An overseas trading company, “B”, claimed that another overseas trading company, “A”, had entered into two contracts to buy cotton and had made no payment under the contracts. The alleged contracts provided for International Cotton Association (“ICA”) rules and arbitration. A denied making the contracts and thus denied its agreement to ICA arbitration. A participated in the arbitration and disputed the Tribunal’s jurisdiction. The Tribunal concluded it did have jurisdiction and upheld B’s claim.
In accordance with the parties’ right under the 2011 edition of the ICA rules to appeal to a Technical Appeal Committee (“TAC”), A sent a notice of appeal to the ICA. The ICA requested payment of fees and other costs. Without making the payments A submitted its grounds of appeal to the ICA. Four days later the ICA chased payment giving the next day as the deadline. When payment was not received, the ICA notified A of the appeal’s dismissal because of A’s failure to pay fees and costs. A made payment of all sums ten days later with a request for extension for time on the basis of oversight and public holidays. The ICA refused the extension and so a TAC appeal or review never took place.
The Commercial Court determined two questions in relation to section 70(2) of the 1996 Act: (i) whether in these proceedings an “arbitral process of appeal or review” was available; and (ii) if so, whether A had exhausted that process.
The court held that an appeal process was available to A despite A’s contention that it was not a party to the arbitration agreement.
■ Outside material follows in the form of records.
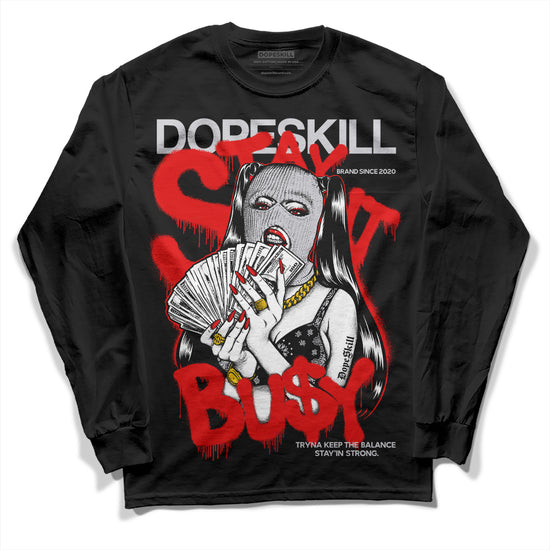 Jordan 2 Retro "Black Cement" DopeSkill Long Sleeve T-Shirt Stay It Busy Graphic Streetwear - Black 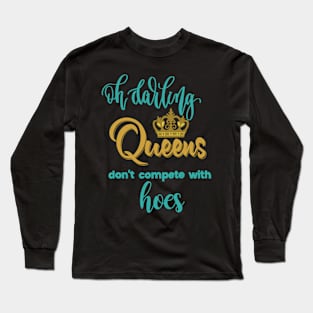 Oh darling, Queens don’t compete with hoes Long Sleeve T-Shirt
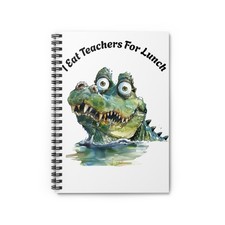 I Eat Teachers For Lunch Spiral Notebook Ruled Line, Journal, Back To School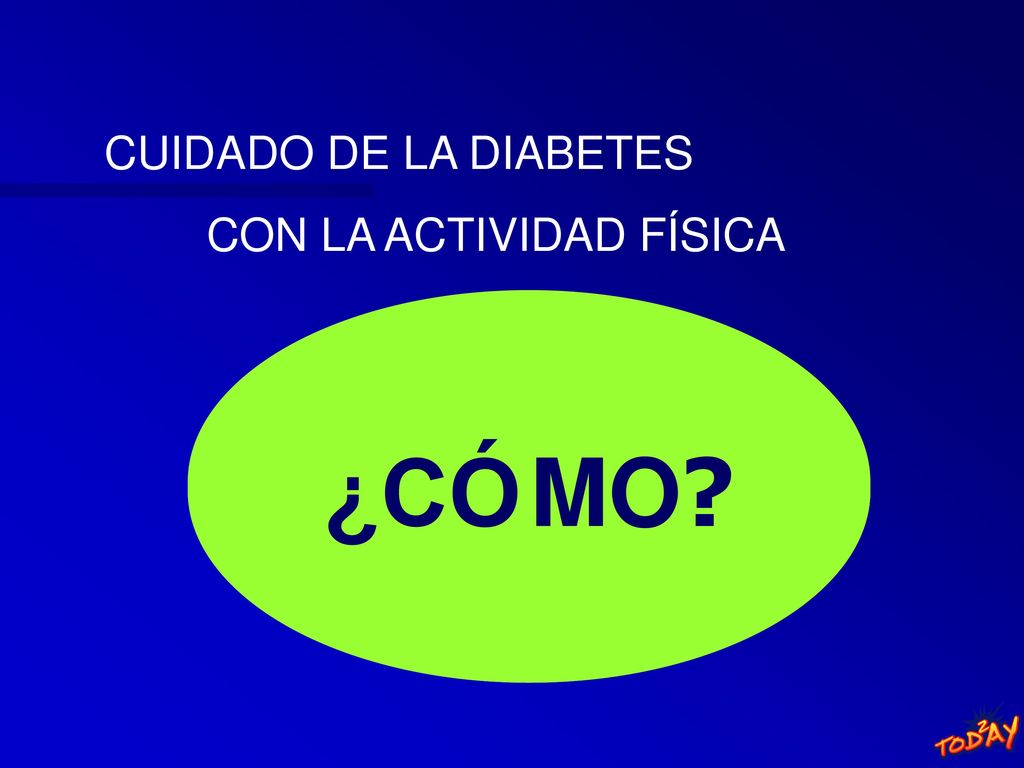 CUIDADO DE LA DIABETES CON LA ACTIVIDAD FÍSICA WHAT ¿CÓ MO WHY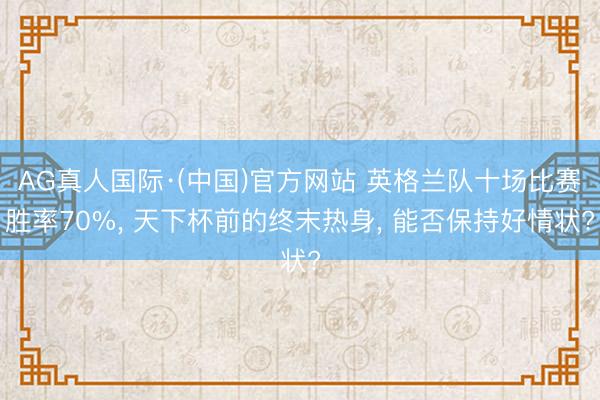AG真人国际·(中国)官方网站 英格兰队十场比赛胜率70%， 天下杯前的终末热身， 能否保持好情状?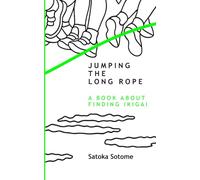 Jumping the Long Rope: A Book About Finding Ikigai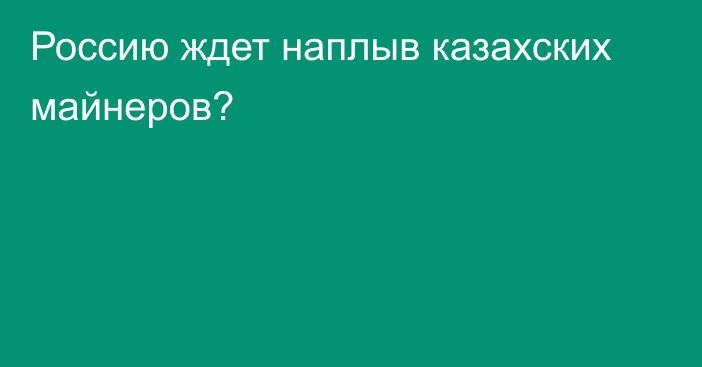 Россию ждет наплыв казахских майнеров?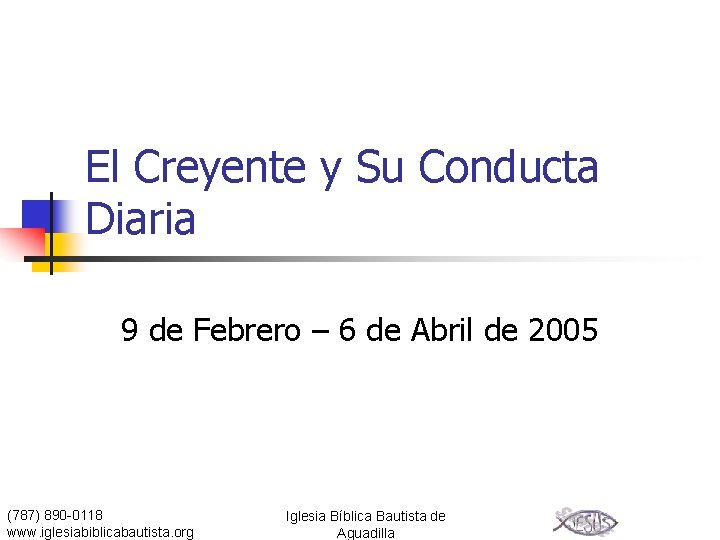 El Creyente y Su Conducta Diaria 9 de Febrero – 6 de Abril de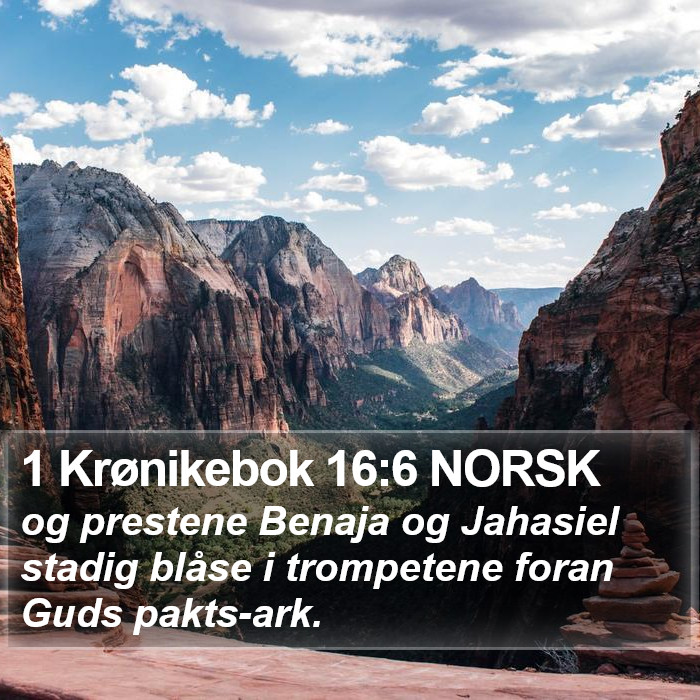 1 Krønikebok 16:6 NORSK Bible Study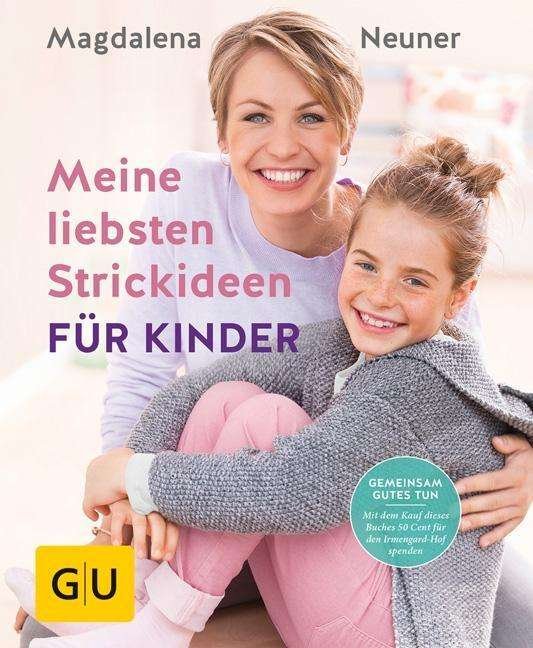 Cover for Neuner · Meine liebsten Strickideen für K (Book)
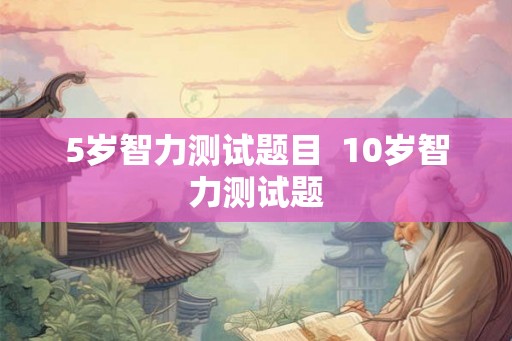 5岁智力测试题目 10岁智力测试题 5岁智力测试题目 10岁智力测试题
In the circumstances it would be difficult to see how the TAC process would not qualify as an appeal process under section 70(2).
Having initiated that appeal process, the court held that the meaning of ‘exhausted’ could include the refusal of an application to extend time to pay a fee for the appeal where there is substance to the appellant’s reason for an extension. Once the application was refused, the process was deemed exhausted. What mattered was that the process was completely used up, not how it was used up. It was conceded, however, that the test was flexible and fact-specific.
To avoid uncertainty, any arbitral appeal process should be diligently pursued, complying fully with all administrative steps in a timely manner. Flexibility has been allowed as to what ‘exhausting a process’ may look like in different cases. Whilst the decision illustrates that it is not essential to have concluded a whole arbitral appeal process to meet the threshold of ‘exhausted’ under section 70(2), the appellant must go beyond merely invoking the process so as to ‘use up’ all possibilities in a given process.